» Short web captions
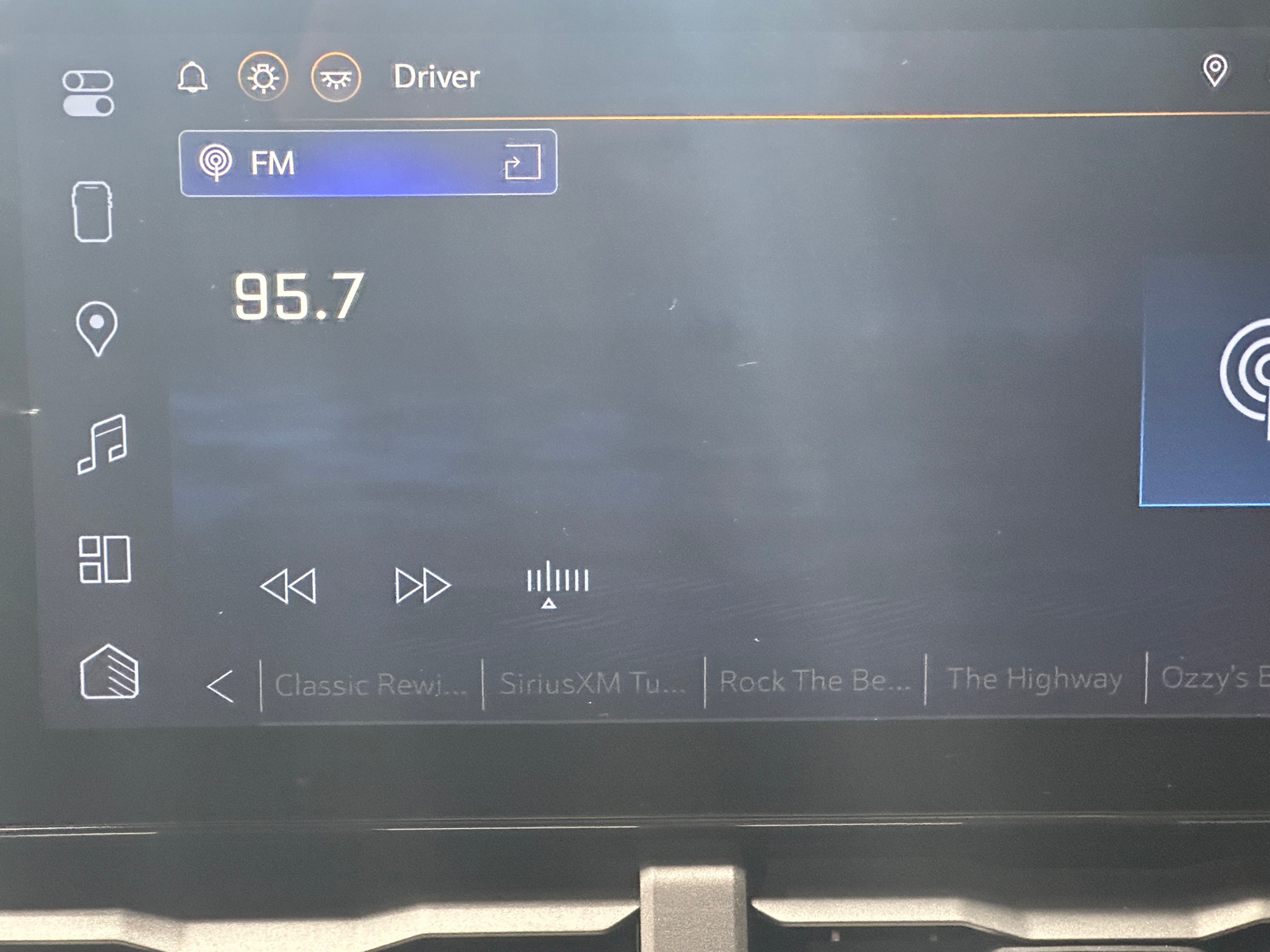 Thumbnail: 2025 Chevrolet Equinox - 4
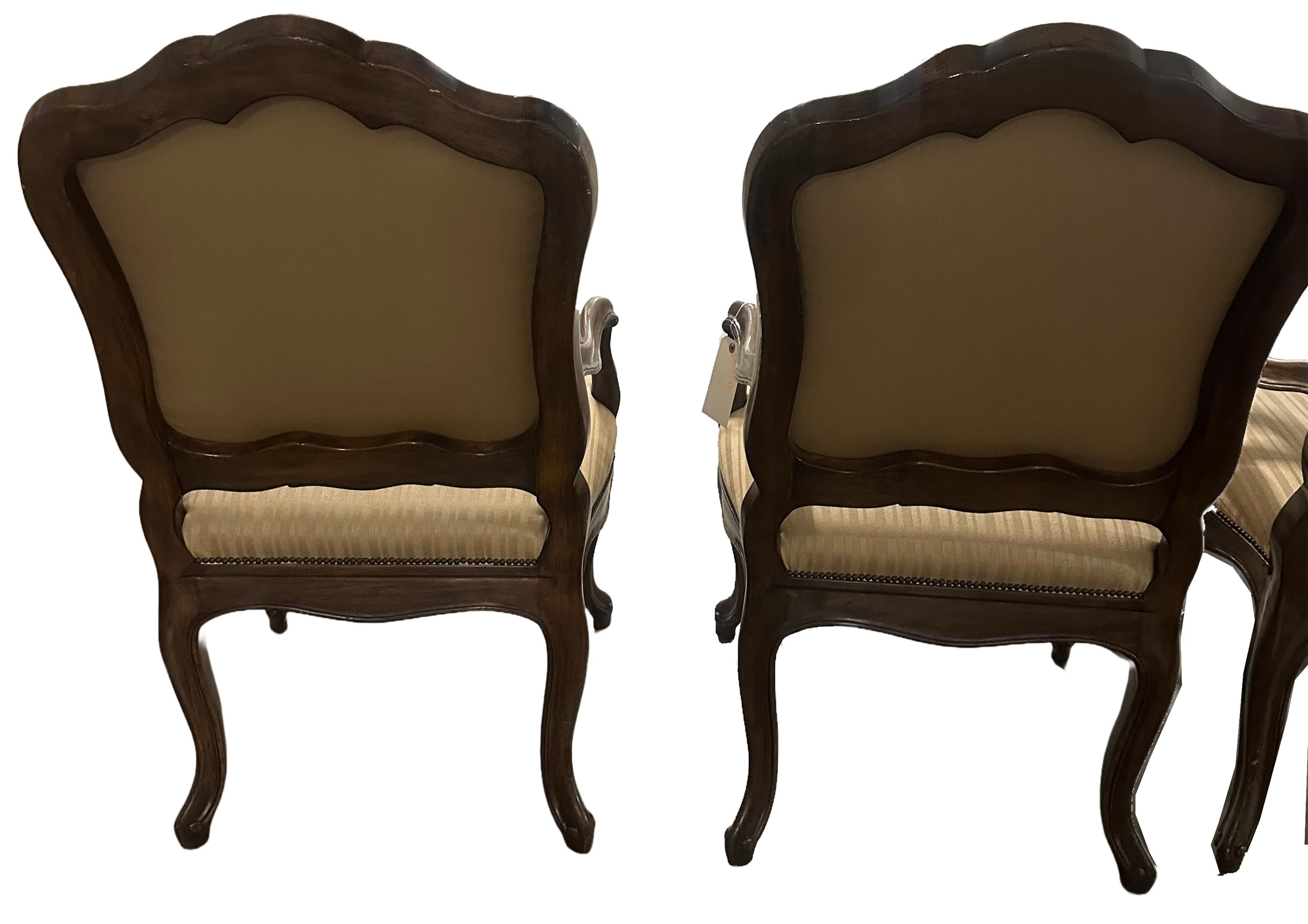 Patiné Ensemble de quatre fauteuils portugais patinés du 20e siècle Dennis & Leen en vente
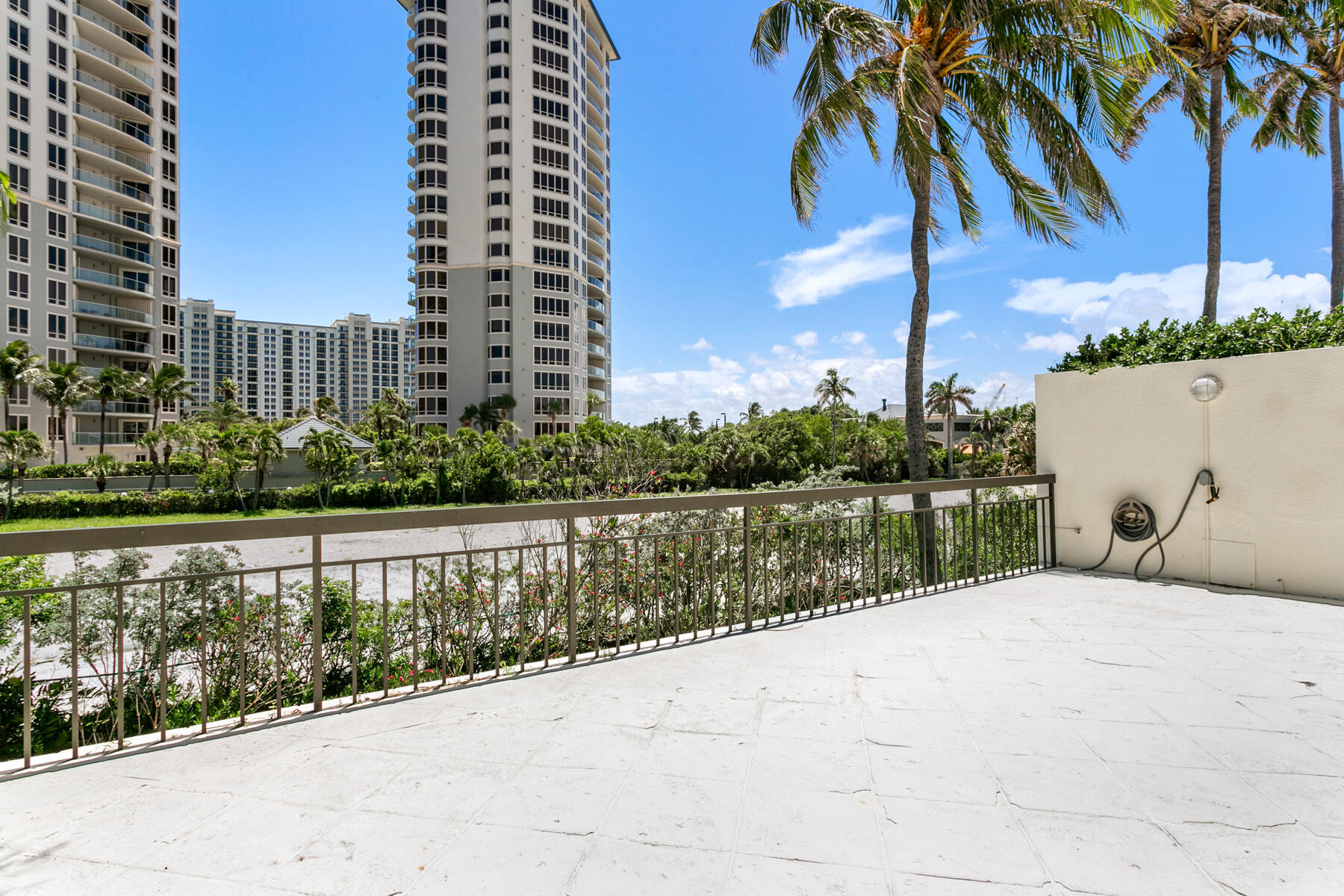 3980 North Ocean Drive, Unit OV1 Riviera Beach, FL 33404 - Photo 15 of 80 First Floor Lanai
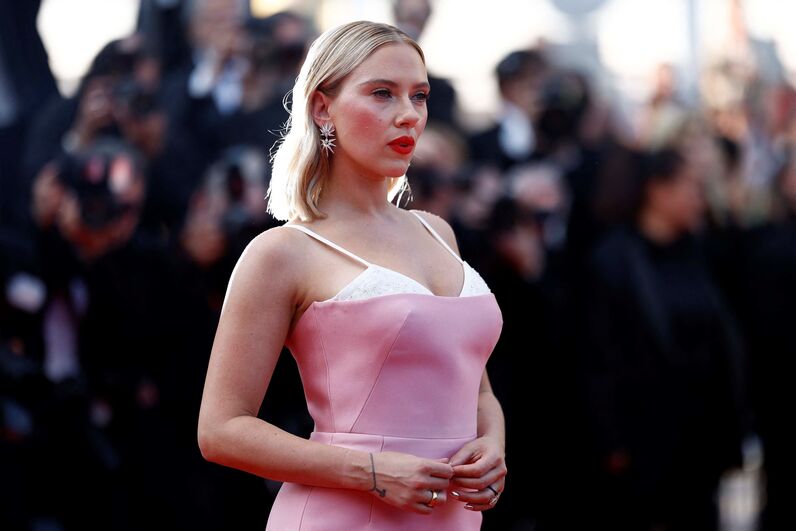 Scarlett Johansson rouba as atenções na passadeira vermelha de Cannes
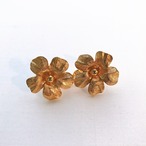 Monet vintage earrings 809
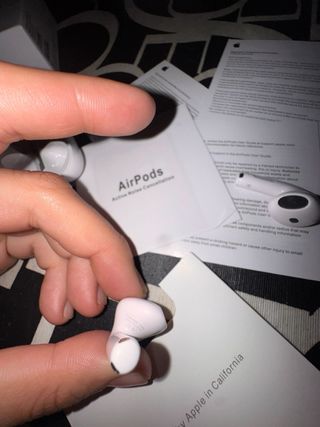 Apple AirPods 4 pro Max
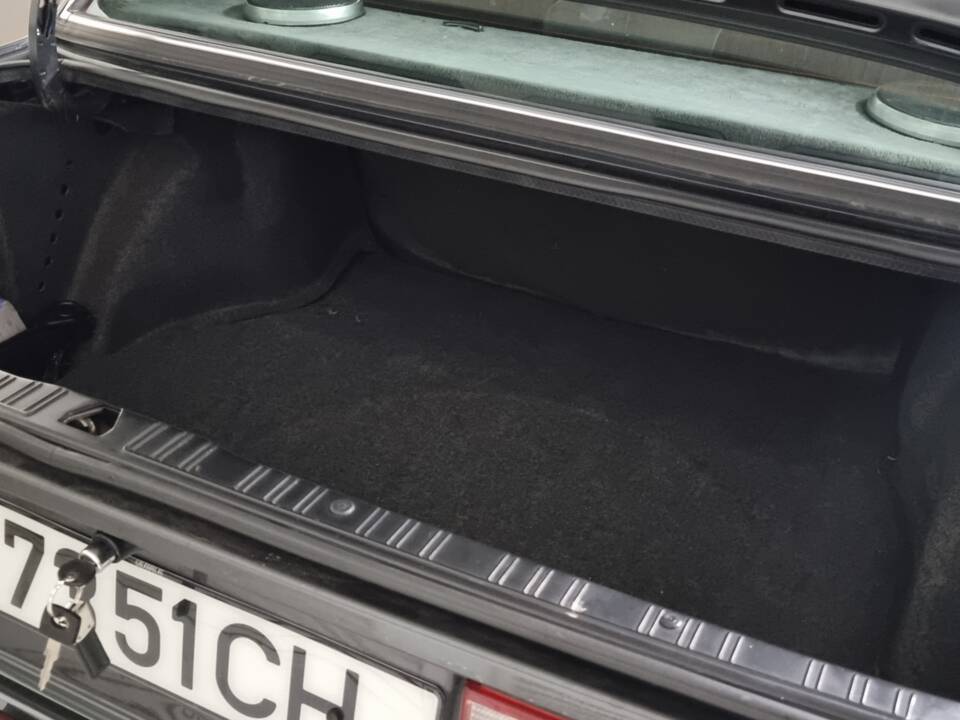 Image 83/100 of BMW 323i (1984)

» PROBLEM REQUIREMENTS
Please output every entry exactly as written, apart from the pictures.

» EXPECTED ANSWER
 Thumbnail: 2025 Chevrolet Equinox - 4
 Patiné Ensemble de quatre fauteuils portugais patinés du 20e siècle Dennis & Leen en vente
 3980 North Ocean Drive, Unit OV1 Riviera Beach, FL 33404 - Photo 15 of 80 First Floor Lanai
 Scarlett Johansson rouba as atenções na passadeira vermelha de Cannes
 Monet vintage earrings 809
 Apple AirPods 4 pro Max
 Image 83/100 of BMW 323i (1984)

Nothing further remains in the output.